> _PROBLEM REQUIREMENTS_
Your task is to retype, word for word, the lines from the start of the data through the line holding "Лампа LED-СВЕЧА-standard 10Вт". Do not include the pictures.

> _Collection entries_

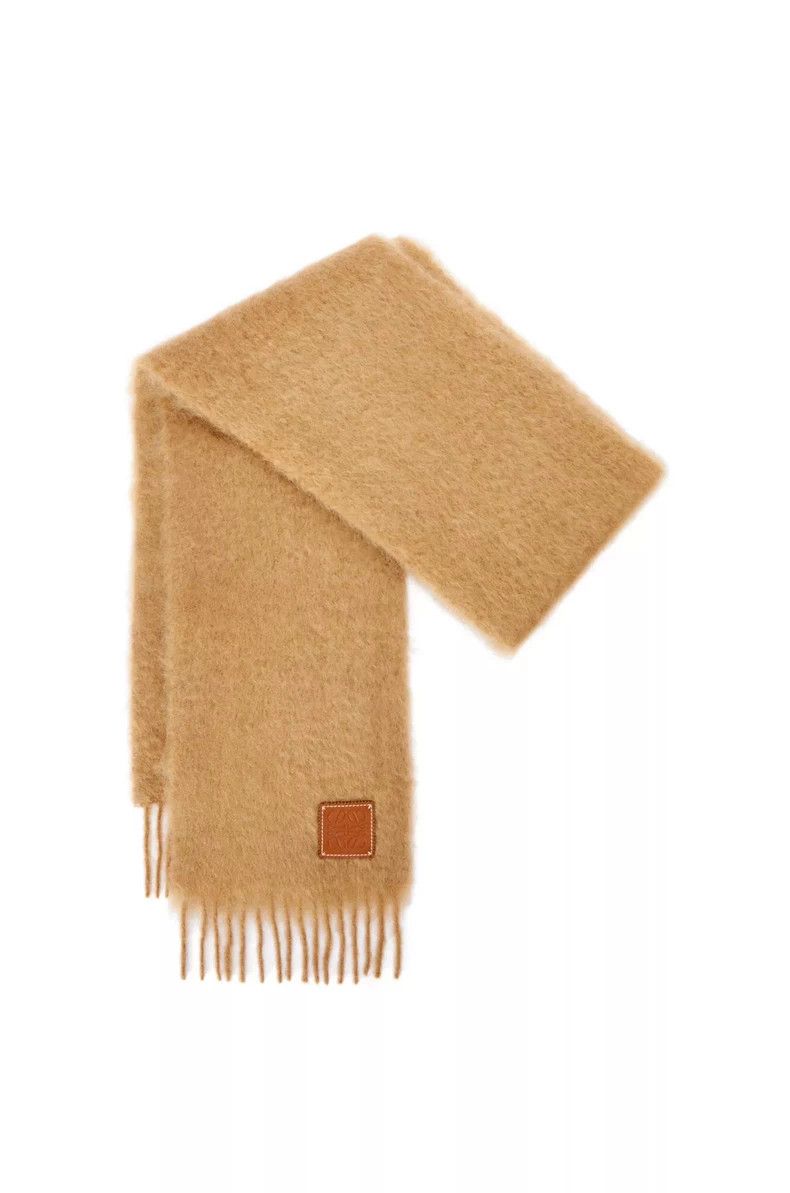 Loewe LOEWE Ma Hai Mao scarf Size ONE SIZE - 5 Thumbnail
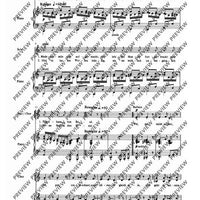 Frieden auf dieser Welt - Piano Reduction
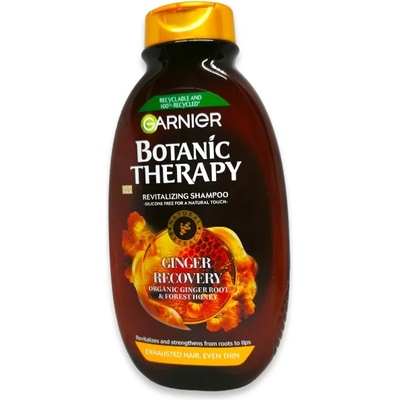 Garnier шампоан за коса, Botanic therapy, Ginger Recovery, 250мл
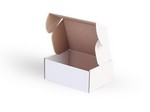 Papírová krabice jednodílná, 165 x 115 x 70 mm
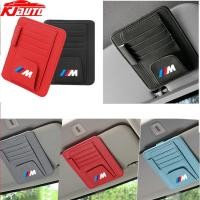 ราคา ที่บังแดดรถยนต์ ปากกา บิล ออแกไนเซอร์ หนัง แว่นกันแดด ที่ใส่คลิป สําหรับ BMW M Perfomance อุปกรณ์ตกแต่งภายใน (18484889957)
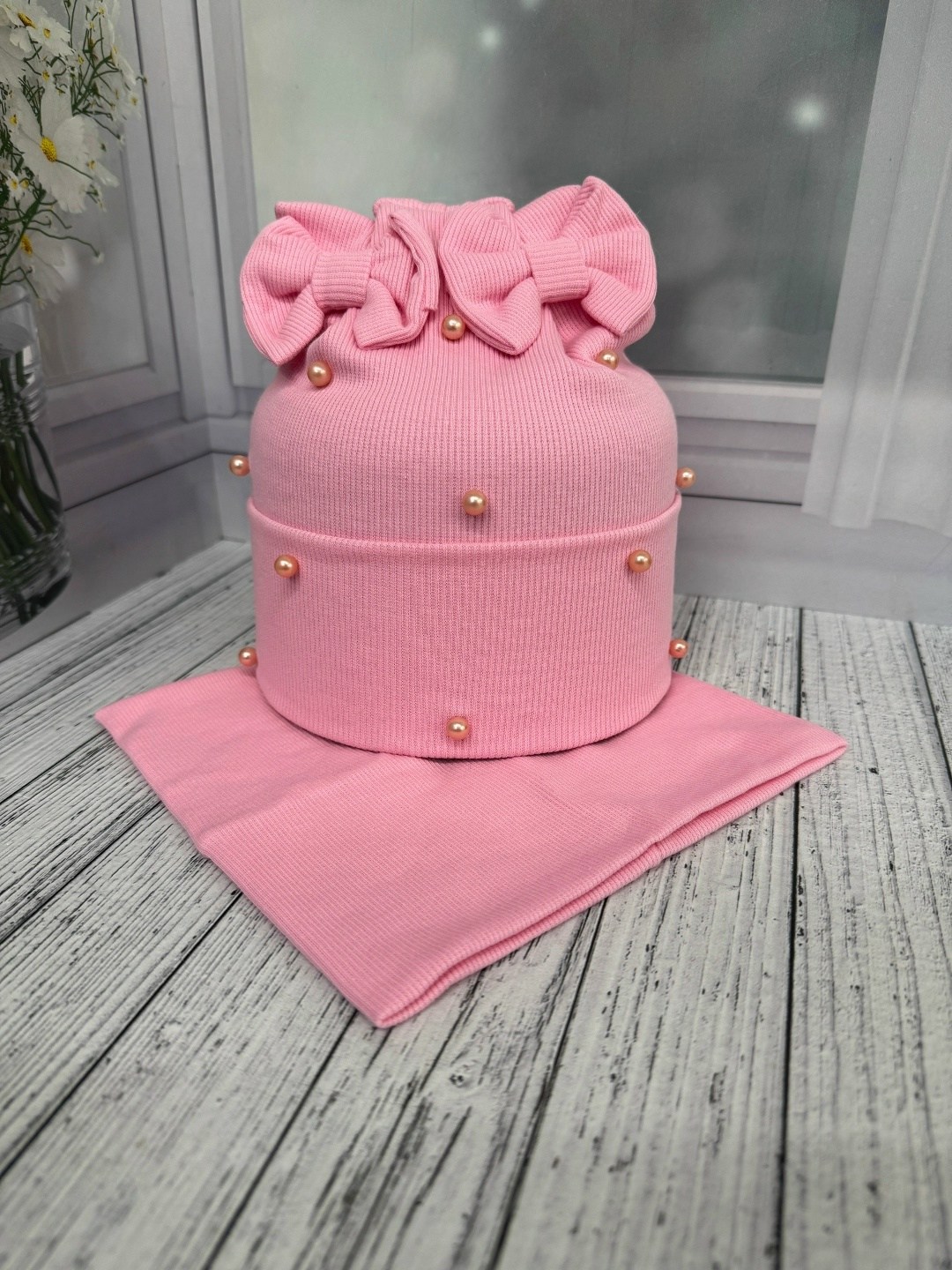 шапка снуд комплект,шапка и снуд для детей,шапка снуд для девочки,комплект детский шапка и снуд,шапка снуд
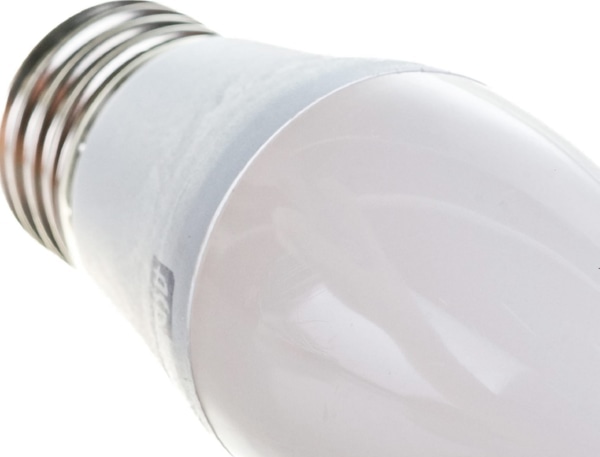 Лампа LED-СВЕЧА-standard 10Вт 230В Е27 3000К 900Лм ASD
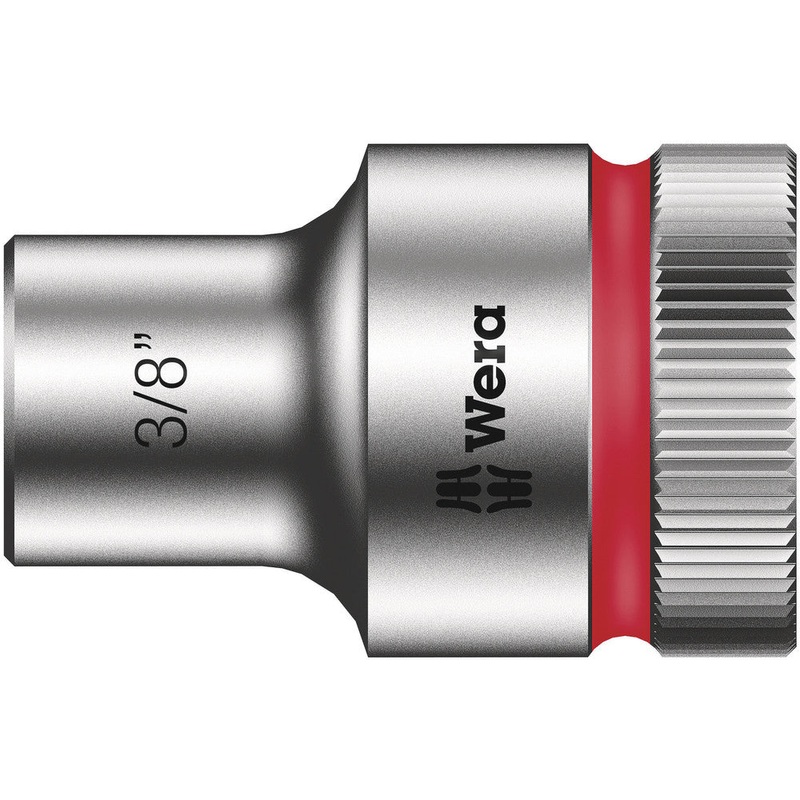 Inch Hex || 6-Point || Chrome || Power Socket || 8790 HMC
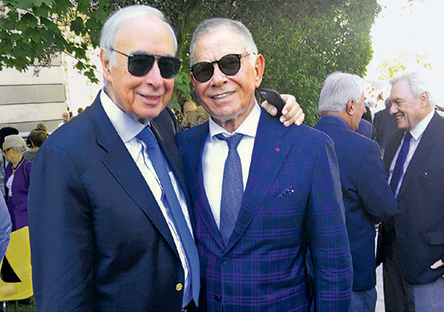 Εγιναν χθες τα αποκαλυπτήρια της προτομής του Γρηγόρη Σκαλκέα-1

> _RESPONSE BELOW_
 Loewe LOEWE Ma Hai Mao scarf Size ONE SIZE - 5 Thumbnail
 Frieden auf dieser Welt - Piano Reduction
 Garnier шампоан за коса, Botanic therapy, Ginger Recovery, 250мл
 Papírová krabice jednodílná, 165 x 115 x 70 mm
 ราคา ที่บังแดดรถยนต์ ปากกา บิล ออแกไนเซอร์ หนัง แว่นกันแดด ที่ใส่คลิป สําหรับ BMW M Perfomance อุปกรณ์ตกแต่งภายใน (18484889957)
 шапка снуд комплект,шапка и снуд для детей,шапка снуд для девочки,комплект детский шапка и снуд,шапка снуд
 Лампа LED-СВЕЧА-standard 10Вт 230В Е27 3000К 900Лм ASD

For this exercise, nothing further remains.